Christine McKinnon knows what it's like to start out as a small business owner in Hamilton. As the co-owner and chief stylist for over 31 years at McKinnon Hair Design on Balsam Ave., she remembers how stressful it was in the early days.
"When you open, you're so focused on the present because that's all you've got. You don't even think about the future, you just do it," she says.
So she decided to give back to the small business community that she says has supported her over the years by offering free hair care services — cuts, colours, styles, anything — to small business owners for the month of February.
They must have been in business for no more than two years and employ at least one person, but other than those two caveats, her door is wide open — even to fellow hair stylists.
"When you give to somebody, you get way, way more back," she says. "Hamilton has been an unbelievable community for us."

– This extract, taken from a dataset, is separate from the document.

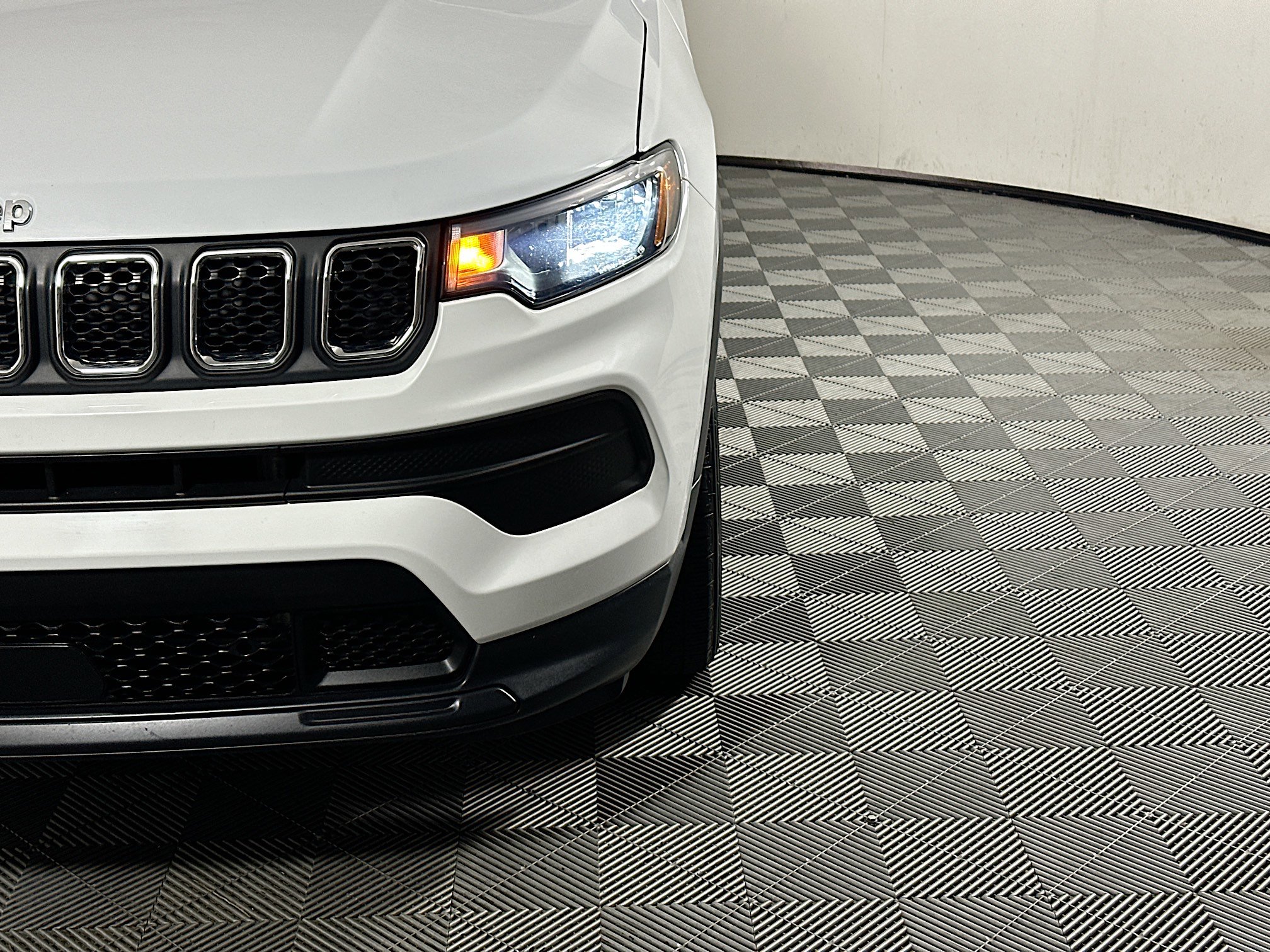 Used 2023 Jeep Compass Sport AWD/4WD image 9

Josie Rudderham and Nicole Miller, owners of Cake and Loaf bakery on Dundurn St. S, have been in business for about a year and a half. They jumped at the chance for the free hair-styling services, partly because they so rarely get a chance to make time for themselves.

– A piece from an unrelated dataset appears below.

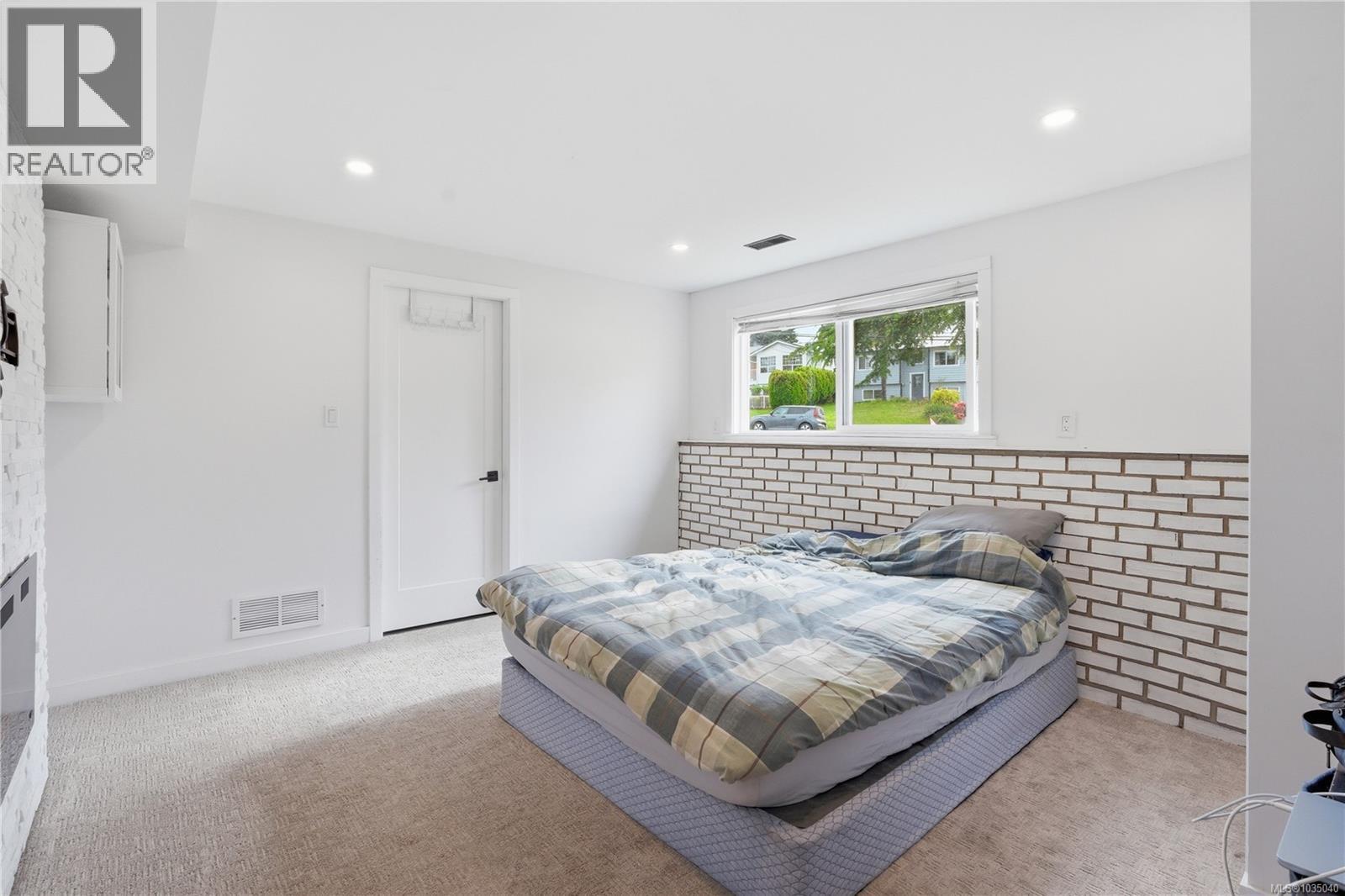 4261 Carey Rd - 21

'I'm finding that all Hamilton businesses are more or less embracing each other. We tend to help each other out with anything and everything.'—Nicole Miller, Cake and Loaf bakery
Between the fledging business, a three-year-old daughter at home and a second baby on the way, Rudderham says pampering herself doesn't make it onto the list of things to do.
"It's absolutely amazing," she says. "To be able to step out, especially in the middle of the day, and just have an hour to yourself to be totally spoiled, it means a lot. It kind of helps you refocus on your business, too."
But they weren't necessarily surprised by the kind offer. Miller says it's typical of the small business community in Hamilton that people look out for one another and help whenever they can.
"I'm finding that all Hamilton businesses are more or less embracing each other. We tend to help each other out with anything and everything," she says.
The city has taken notice of this dynamic, too. Michael Marini, a marketing coordinator in the city's economic development department, says this is just one example of many he's encountered of members of the business community supporting each other.
"I've seen relationships like Upper Gage Garage and food trucks like Gorilla cheese. Two different business models working together to support one another," he says. "It's indicative of the warmth and comradery we're trying to create in the business community here."
Aside from the goodwill, McKinnon says her hair-styling offer is also a smart business move for her.
"It gets our new generation of hairdressers connected with this generation of business owners," she says, helping to establish relationships that will pay off in years to come.
The platter of muffins, doughnuts and cookies the Cake and Loaf girls brought along as a thank-you gift probably didn't hurt, either.